Fearful of Emmeline's parents' reaction, Emmeline's aunt and uncle help her conceal her pregnancy. They send letters and Emmeline's savings, which they pass off as her regular salary, to her parents. They also arrange to have Emmeline's baby adopted. Emmeline imagines she will have a girl, and gives birth to what she believes is a girl; her aunt refuses to let her see the child or even know its gender, believing that Emmeline can more easily give up the child and recuperate from her ordeal. Soon after giving birth, Emmeline returns to Maine.

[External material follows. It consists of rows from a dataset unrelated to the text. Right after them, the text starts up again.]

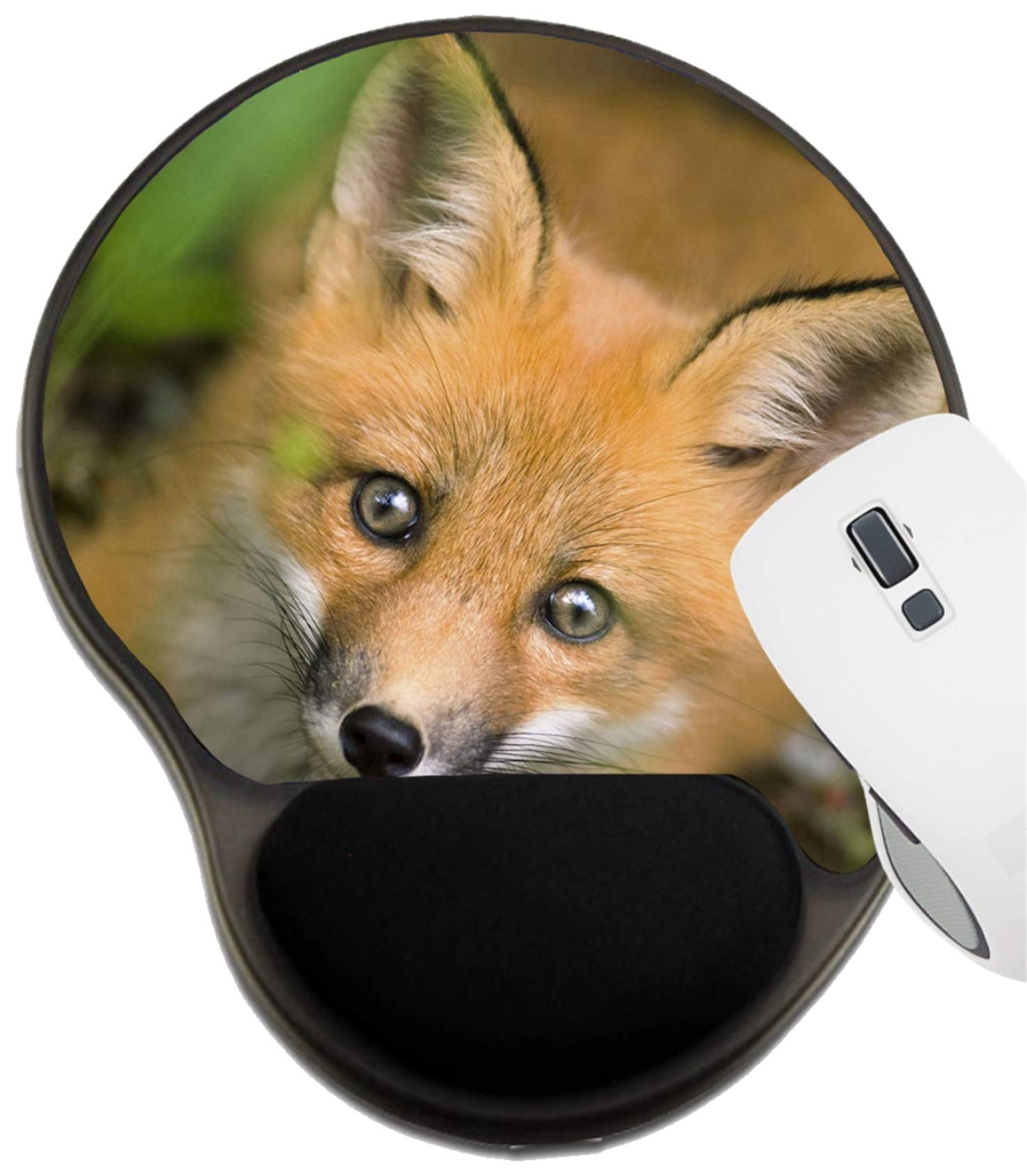 Ergonomic Mouse Pad with Wrist Rest - MSD Gaming Mouse Mat Featuring Stunning Wild Red Fox Image from Jacques Cartier National Park, Quebec (Image ID 5132648) - Perfect for Office Work, Gaming & Computer Use
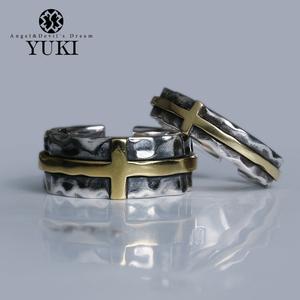 YUKI纯银戒指男女情侣银饰品戒子镶黄铜十字开口可调INS复古做旧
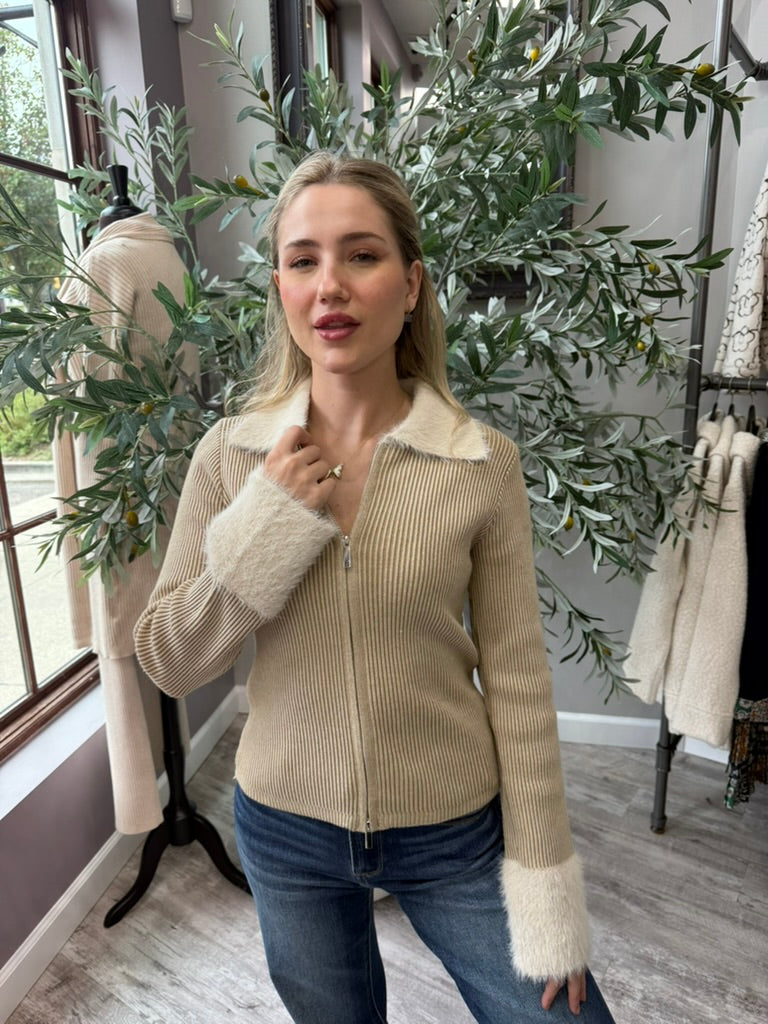 Chalet Faux Fur Trim Zip Cardigan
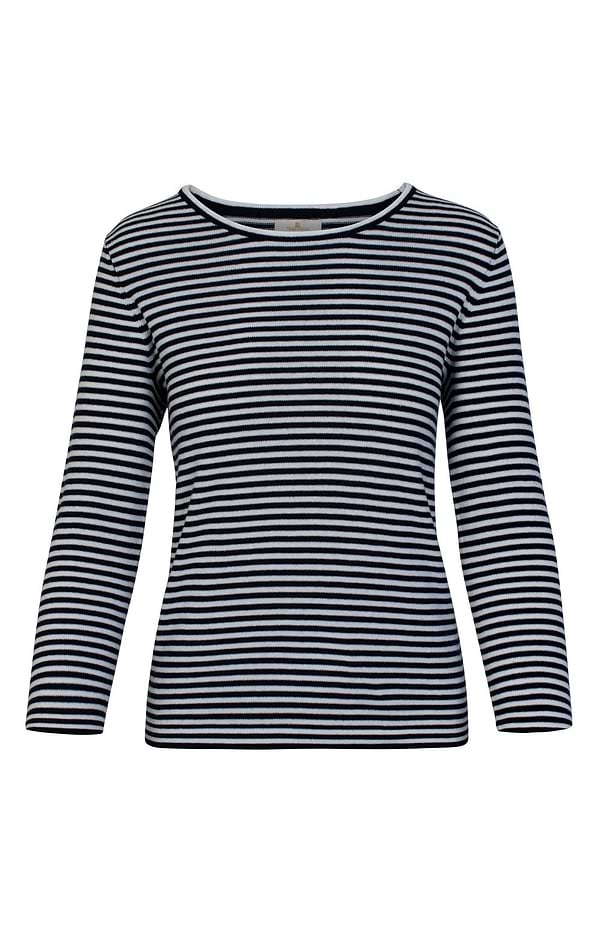 Ladies Fine Stripe Cotton Crew
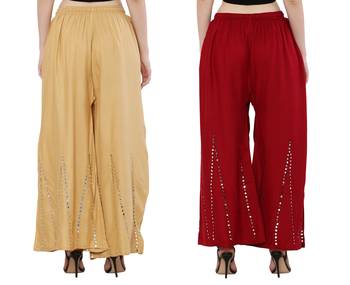 Mirror / Stone work embrodiery Combo Palazzo Pant Gold , Maroon 3
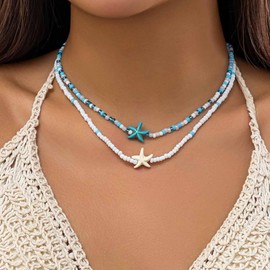 Wedity Starfish Turtle Necklace Beaded Choker Necklaces Adjustable Jewelry for Women Girls (Colour C)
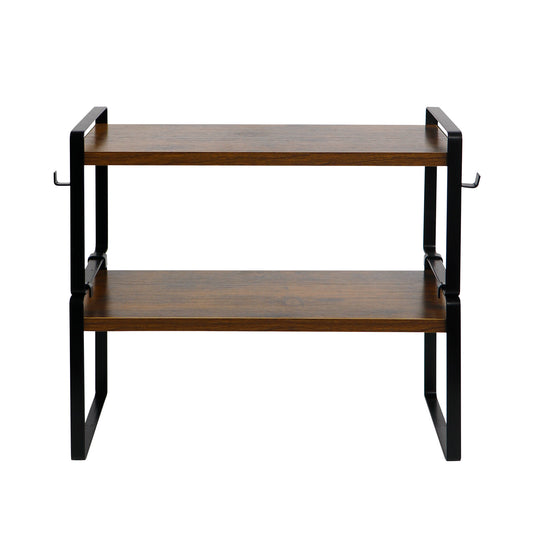 Étagère à 2 niveaux avec 8 crochets en fer – Organiseur de rangement polyvalent et robuste pour cuisine - Marron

Part two of the book picks up more than 20 years later. Despite numerous proposals, a middle-aged Emmeline has never married and cares for her parents, but her father still encourages her to marry. She has a circle of friends, socializing primarily with two sisters of a widower who proposes marriage to her. One day, itinerant worker Matthew Gurney rolls into town. He and Emmeline share a strong immediate attraction. Matthew proposes to her and Emmeline eagerly accepts. They marry, with Emmeline wearing her sister-in-law's wedding dress, and move into a house that they build themselves.

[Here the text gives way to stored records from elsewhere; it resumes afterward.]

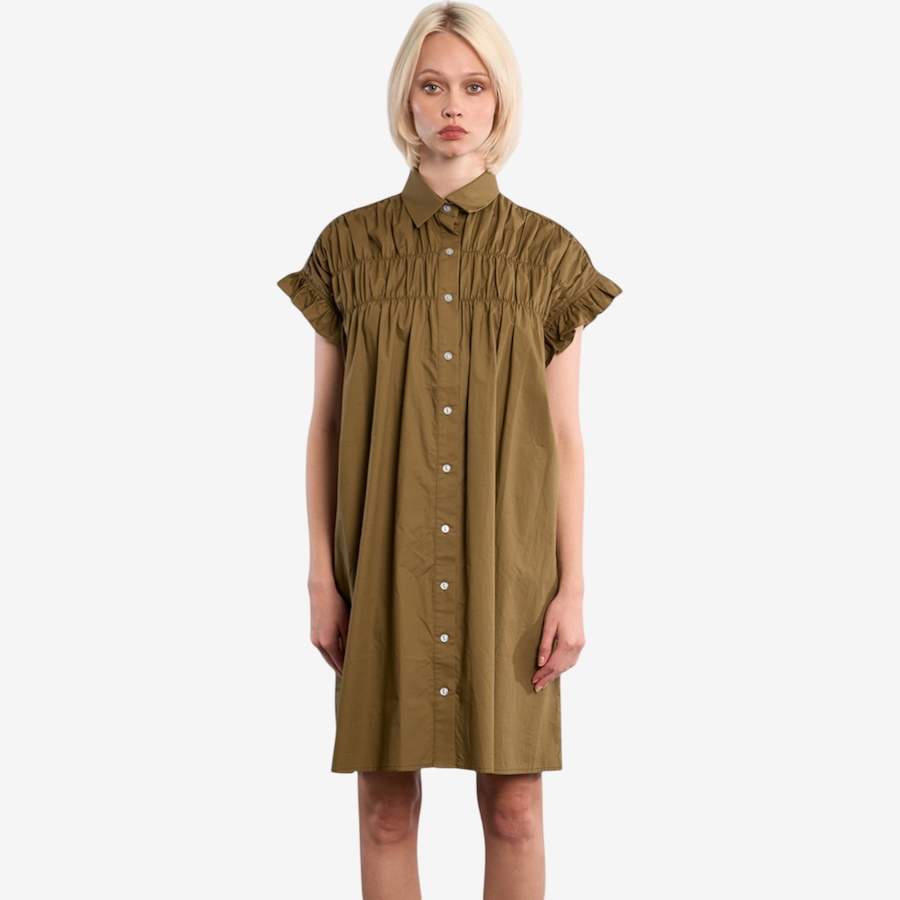 Image 119583_KHA.jpg, Product 119-583 / Price $54.88, Molly Bracken Button Front Ruffle Sleeve Shirt Dress from Molly Bracken on TSC.ca's Fashion department
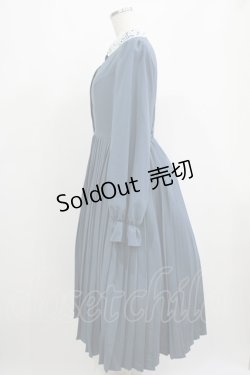 画像2: m petit by misako / レース襟プリーツワンピース M ブルー H-25-05-20-035-LO-OP-NS-ZH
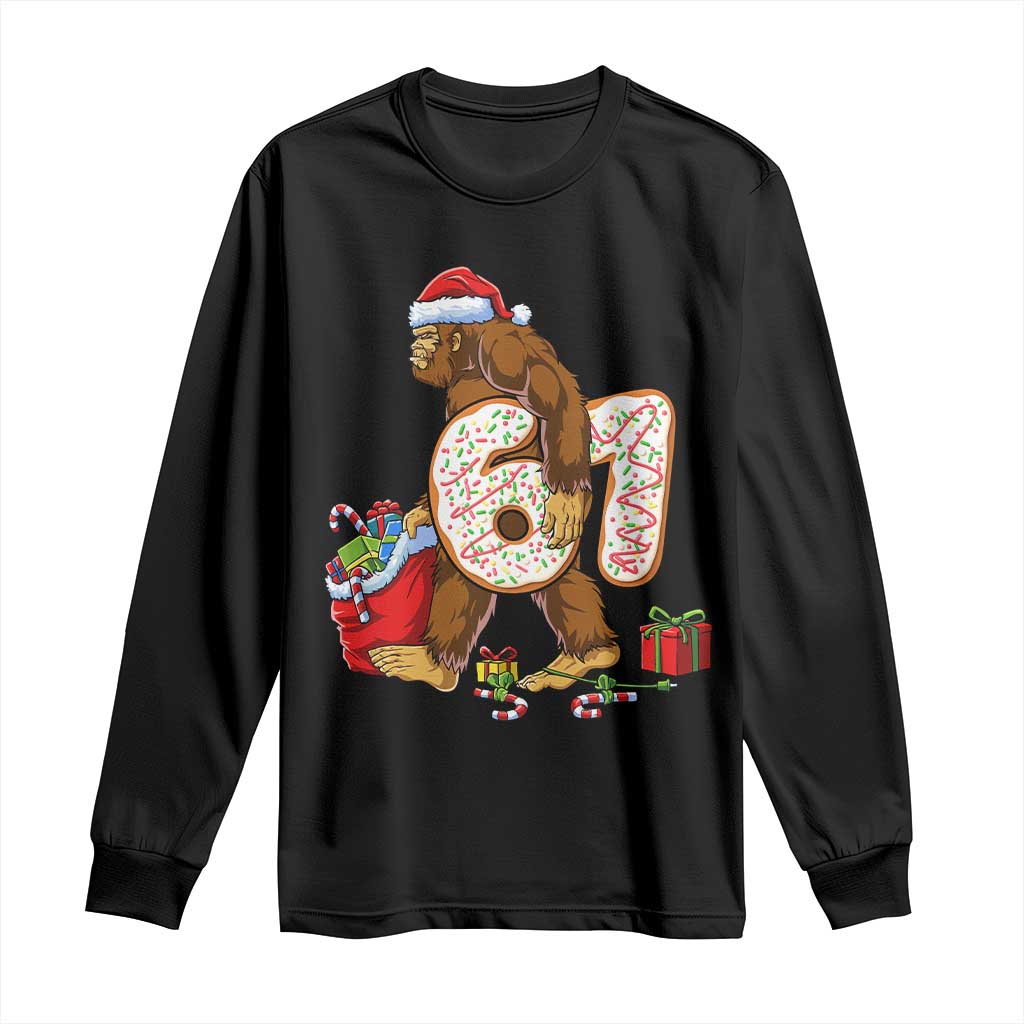 Christmas Bigfoot 67 Meme Long Sleeve Shirt Funny Six Seven Gen Alpha Slang Sasquatch TS10 Black Print Your Wear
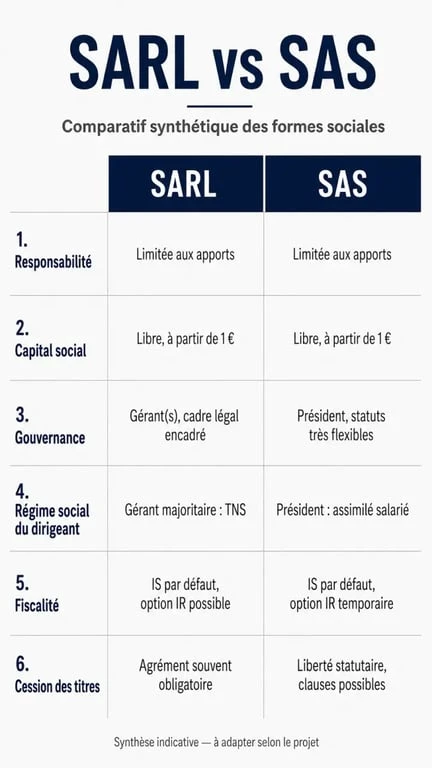 SARL et SAS : comparaison visuelle des différences clés pour choisir une forme juridique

When Emmeline's aunt visits after the wedding, she instantly recognizes Matthew and forces him to admit that he is 21 years old, not 26 as he originally claimed. At that moment, Emmeline realizes that she gave birth to a boy, not a girl, and that she has married her son. Her aunt tells her father, who immediately disowns her. Word quickly spreads throughout town. Matthew deserts Emmeline, who is soon excommunicated by the preacher at her church and encouraged to leave town.

Emmeline spends the rest of her long life on the fringes of the town, ignored by all. She tries to subsist on what she can grow herself. Neglected as an old woman, she dies during a particularly harsh winter.

==Reception==
Emmeline received a starred review from Kirkus Reviews, which called it "A strange, in some ways difficult book--but a grave tale of lingering impact." Chicago Tribune reviewer Susan Fromberg Schaeffer drew comparisons to Wuthering Heights and Jane Eyre, calling it "a novel of rare knowledge and great power, masterfully told."